In other words, whatever else it does over the next 12 months, the department does not plan to bring a single additional mile of border “under effective control.”
 
The line on page 24 of the DHS report indicating that the department’s goal for border miles “under effective control” will be the same for next year as it was for this year is marked with a discreet asterisk.
 
This asterisk leads to a footnote that appears to lay blame for the lack of progress on delays in deploying SBInet—the so-called “virtual fence” that was supposed to help the Border Patrol catch clandestine border crossers with the help of sensors and other technologies—and on the fact that during the coming year, hundreds of Border Patrol agents are going to be moved from the Mexican border to the Canadian border while only a “small increase” will be made in the new agents assigned to the southern border.
 
“The program plans to move several hundred Agents from the Southwest Border to the Northern Border to meet the FY 2010 staffing requirements, with only a small increase in new agents for the Southwest Border in the same year,” says the footnote. “In addition, limited funding is being dedicated toward purchasing legacy technologies on the Southwest Border until the upgraded technology associated with SBInet is fully deployed.
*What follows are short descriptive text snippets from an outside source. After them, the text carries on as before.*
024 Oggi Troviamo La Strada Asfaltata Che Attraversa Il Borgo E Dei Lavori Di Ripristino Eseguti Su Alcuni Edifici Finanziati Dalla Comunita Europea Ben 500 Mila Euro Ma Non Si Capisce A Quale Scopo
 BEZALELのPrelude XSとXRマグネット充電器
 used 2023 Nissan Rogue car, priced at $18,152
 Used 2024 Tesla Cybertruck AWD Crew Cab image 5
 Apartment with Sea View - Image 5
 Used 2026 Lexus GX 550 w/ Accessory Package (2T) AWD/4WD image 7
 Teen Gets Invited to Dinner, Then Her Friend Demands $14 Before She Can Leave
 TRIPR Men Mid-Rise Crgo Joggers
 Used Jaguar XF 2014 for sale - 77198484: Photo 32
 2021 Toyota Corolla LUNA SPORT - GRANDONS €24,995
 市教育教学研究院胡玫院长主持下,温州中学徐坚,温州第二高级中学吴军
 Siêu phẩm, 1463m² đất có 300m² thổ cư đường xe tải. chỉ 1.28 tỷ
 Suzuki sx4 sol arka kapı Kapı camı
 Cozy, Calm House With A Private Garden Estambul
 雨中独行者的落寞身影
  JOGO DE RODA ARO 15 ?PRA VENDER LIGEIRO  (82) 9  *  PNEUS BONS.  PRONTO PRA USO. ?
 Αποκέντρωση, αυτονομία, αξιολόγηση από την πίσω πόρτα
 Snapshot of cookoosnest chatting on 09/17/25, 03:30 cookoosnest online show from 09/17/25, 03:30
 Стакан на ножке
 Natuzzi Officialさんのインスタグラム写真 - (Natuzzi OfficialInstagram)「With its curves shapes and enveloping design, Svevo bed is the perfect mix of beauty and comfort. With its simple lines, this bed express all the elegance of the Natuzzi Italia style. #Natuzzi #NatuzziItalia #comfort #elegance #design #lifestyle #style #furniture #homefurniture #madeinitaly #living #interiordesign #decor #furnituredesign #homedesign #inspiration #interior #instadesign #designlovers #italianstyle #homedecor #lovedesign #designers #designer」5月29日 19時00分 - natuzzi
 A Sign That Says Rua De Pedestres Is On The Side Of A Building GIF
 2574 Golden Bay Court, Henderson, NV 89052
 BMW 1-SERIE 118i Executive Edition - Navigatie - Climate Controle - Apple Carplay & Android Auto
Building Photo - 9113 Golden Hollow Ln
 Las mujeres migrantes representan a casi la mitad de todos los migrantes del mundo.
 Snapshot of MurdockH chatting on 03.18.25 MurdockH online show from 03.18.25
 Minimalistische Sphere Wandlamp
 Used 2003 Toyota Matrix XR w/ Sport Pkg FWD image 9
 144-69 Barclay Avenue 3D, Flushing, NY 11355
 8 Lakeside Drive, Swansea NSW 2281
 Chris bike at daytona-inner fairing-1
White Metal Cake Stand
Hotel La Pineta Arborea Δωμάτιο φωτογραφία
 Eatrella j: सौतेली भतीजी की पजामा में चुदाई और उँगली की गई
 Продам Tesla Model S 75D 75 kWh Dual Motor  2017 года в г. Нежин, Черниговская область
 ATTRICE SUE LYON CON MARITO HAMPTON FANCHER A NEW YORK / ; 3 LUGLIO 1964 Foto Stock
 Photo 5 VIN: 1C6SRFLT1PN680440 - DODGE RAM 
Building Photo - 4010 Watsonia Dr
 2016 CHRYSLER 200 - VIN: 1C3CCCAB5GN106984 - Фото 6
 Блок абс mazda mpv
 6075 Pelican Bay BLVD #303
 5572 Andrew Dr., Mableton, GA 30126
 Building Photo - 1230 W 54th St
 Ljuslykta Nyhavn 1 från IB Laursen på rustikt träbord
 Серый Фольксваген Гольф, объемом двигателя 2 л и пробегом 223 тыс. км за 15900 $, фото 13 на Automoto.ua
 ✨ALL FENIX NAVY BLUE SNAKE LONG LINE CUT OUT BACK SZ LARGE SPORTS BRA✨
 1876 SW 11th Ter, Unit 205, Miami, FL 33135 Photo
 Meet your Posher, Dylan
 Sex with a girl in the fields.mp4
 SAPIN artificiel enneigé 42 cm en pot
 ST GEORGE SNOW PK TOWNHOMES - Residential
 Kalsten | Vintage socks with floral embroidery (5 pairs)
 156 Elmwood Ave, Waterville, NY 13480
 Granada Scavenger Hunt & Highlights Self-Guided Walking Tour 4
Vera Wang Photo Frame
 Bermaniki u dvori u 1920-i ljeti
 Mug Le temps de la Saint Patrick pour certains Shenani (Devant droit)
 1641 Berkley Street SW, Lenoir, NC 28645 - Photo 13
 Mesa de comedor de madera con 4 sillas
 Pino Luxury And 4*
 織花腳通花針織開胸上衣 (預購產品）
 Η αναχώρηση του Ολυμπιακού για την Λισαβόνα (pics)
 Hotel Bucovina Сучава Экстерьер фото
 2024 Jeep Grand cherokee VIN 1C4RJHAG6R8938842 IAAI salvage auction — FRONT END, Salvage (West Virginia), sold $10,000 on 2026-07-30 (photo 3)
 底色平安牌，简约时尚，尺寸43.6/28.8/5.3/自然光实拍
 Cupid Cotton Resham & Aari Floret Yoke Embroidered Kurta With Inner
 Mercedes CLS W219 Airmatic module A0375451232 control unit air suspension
Given these factors, the program expects the miles of effective control to remain constant in FY 2010.”
 
“Effective control” is defined in the department’s strategic plan for 2008-2013 as follows: “Border miles under control as defined in the National Strategic Plan is when the appropriate mix of personnel, equipment, technology and tactical infrastructure has been deployed to reasonably ensure that when an attempted illegal entry is detected, the Border Patrol has the ability to identify, classify and respond to bring the attempted illegal entry to a satisfactory law enforcement resolution.”
 
Press officers at the Department of Homeland Security and Customs and Border Protection failed to respond to inquiries I made about the DHS annual performance report over the course of several days.
 
On Friday, the nation will commemorate the eighth anniversary of the Sept. 11, 2001, terrorist attacks.